For my sister and me, Father’s Day has always been complicated. Our father didn’t teach us how to fish, or play chess, or make a bookcase, or do those things that movie-dads (and maybe some others?) seem to excel at. Our parents went through multiple marriages, resulting in both distance and complexity in family relationships. Father’s Day was, at best, awkward for us. We really didn’t know what to do or celebrate because all the other days of the year didn’t give us a clue about what fathers do for and with their children.
My father died young and a long time ago, making Father’s Day complex in a different way– about regret, loss, and wondering what I had actually missed by having that relationship.
Today, though, I am not feeling that sense of loss.
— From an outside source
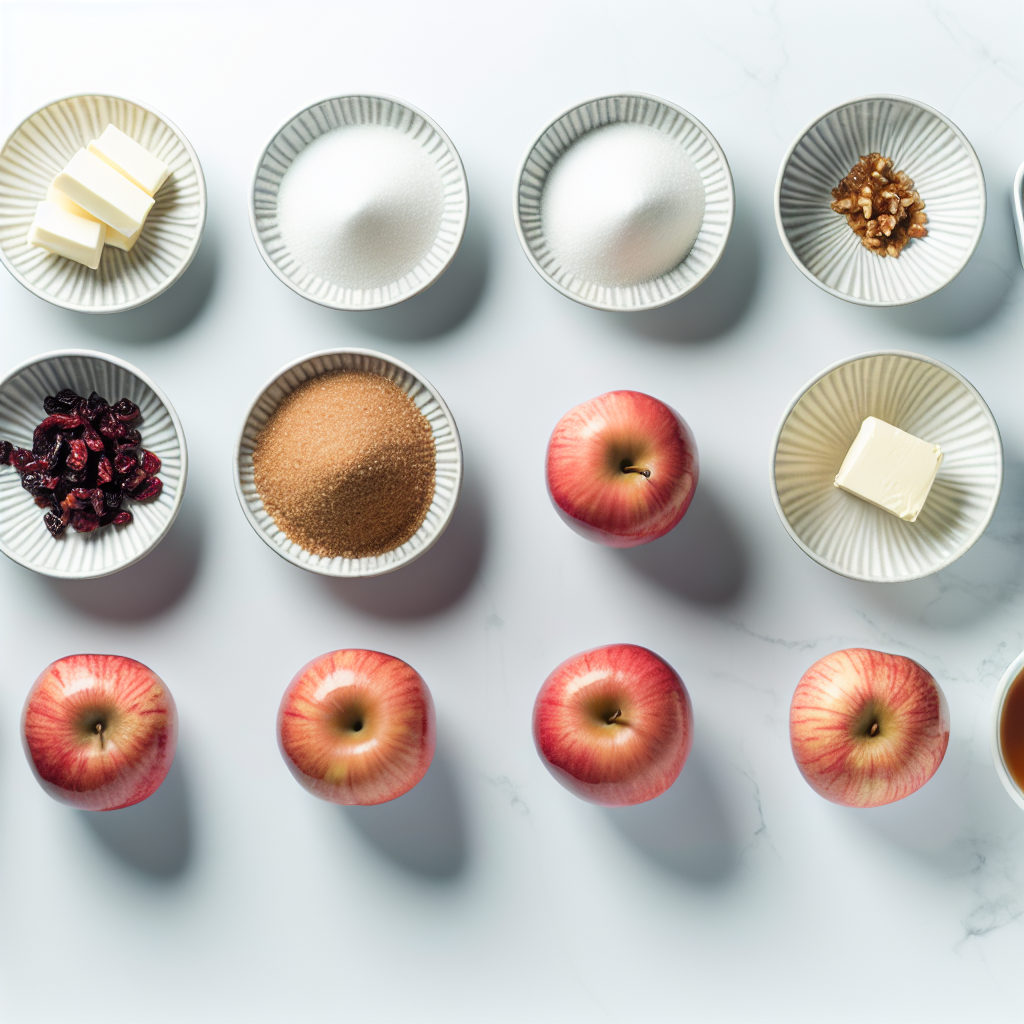 Baked Apples with Cranberries, Walnuts, and Caramel Sauce Recipe - Recipe Image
I’ve been visiting my family for the past two weeks, seeing a lot of relatives. I’ve been seeing and hearing about the fathers in my family– uncles and cousins who have been attending to their children in ways they feel like they can and should contribute. From school work to boogie-boarding in the surf, these men are doing what they know how to do and learning how to do what they’re not good at, all geared toward teaching and loving and making the world as safe and wonderful as they can for their kids.
Once I took all this in, I looked around and saw how fathering happens in my family. My sister and I do these things– for each other and for her children. I’m the one who takes the lead on travel plans and outdoorsy activities. I do the major gear-buying (read bikes at every age) and opportunities to use them (rail trails for the win). My sister teaches the kids about money– how to manage it, how to save it– and about living in the world of grown-up things to do (like oil changes, bill paying, house maintenance, etc.)
We also do this for each other, providing structure and security when it’s needed, helping each other learn or get more comfortable or just push through things that are hard. Travel planning isn’t my sister’s forte, but I love it. Doing car things for my car isn’t mine (see? I can’t even word it precisely…) but she helps me, even from afar.
Elizabeth and I agree on the importance of planning ahead, the necessity of contingency/back-up plans, the simple pleasure of dog walking, and the superiority of beaches over mountains (fight us). Beyond that, we help parent each other and her kids in our own inimitable ways.
Dear readers, wherever you are with your father, we wish you a Happy Father’s Day. And wherever you are, we hope you find some ways to let yourself father and be fathered today and all days.